Secrets of poker Poker

Headphones at the poker table

Written by James Potter

This article first appeared in the Sep/Oct 2012 issue of World Gaming magazine.

Headphones at the poker table have become the quintessential poker accessory, but is this a good thing for the game?

There are some from the old school of poker who believe that even a drink sitting on the side of the table is sacrilegious. They believe a poker table should have seats, chips, cards, a dealer, some players and nothing else. While I can see where they are coming from those days are long gone.

The ability to listen to music at the tables has changed the game of poker, allowing players to keep themselves entertained or drown out distractions. It is hard to say whether this is a good or bad thing. The one thing it should never do is slow down the game. Someone who regularly fails to pay attention to the action at a poker table, and who is constantly asking for a dealer clarification because they didn’t hear an opponent announce “raise” is annoying for everyone. It should be the responsibility of every player to keep up with the pace of the game. Waiting for someone to fiddle around with the music on their smart phone is almost as painful as waiting for five minutes while some idiot decides whether to call all-in when pot committed for his few remaining chips mid-way through a low stakes tournament.

If people don’t abuse the luxury of being able to listen to music then it should be allowed. Some tournaments like the WSOP have a policy that you can’t listen to music once the tournament hits the money stage. Some people don’t like this rule, but I don’t think it’s unfair to ask players to concentrate a little harder when things heat up at the business end of a tournament.

The main problem is the fact that many music-playing devices are also cameras, phones, notebooks and mini-computers offering users a host of game-slowing distractions like ebooks, games, social networking tools and internet access. As long as poker room managers keep on top of the situation and monitor the usage of such devices I don’t see any problem.

Does listening to music affect your game? The answer to this is an obvious yes. The first thing any poker player will stress is the importance of being aware of your environment. The absence of the sounds of the game lessens your ability to read your opponents well. After all, hearing is one of your most valuable senses and there are times when you should keep your ears open.

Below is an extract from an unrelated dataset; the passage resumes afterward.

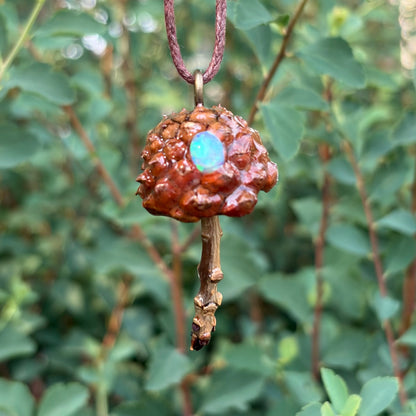 Mushie Pendant 1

Having said this, there are times where the benefits of music outweigh the negatives. This comes back to the point that poker players are all different and what works for Peter doesn’t necessary work for Paul. Poker for most people is a pastime, hobby or passion but for others it is a nothing more than a moneymaking exercise. Music can offer sanity for grinders spending countless hours at the poker table. It can keep them sharp and most importantly stop them from making stupid mistakes.

I wear headphones a lot in tournaments. For me tournaments are all about routine and I find at the start of a tournament I like to listen to relaxing music to help me acclimatize to the surroundings. I am very conscious about my playing environment and I can always turn the music off if I need to listen to what is happening.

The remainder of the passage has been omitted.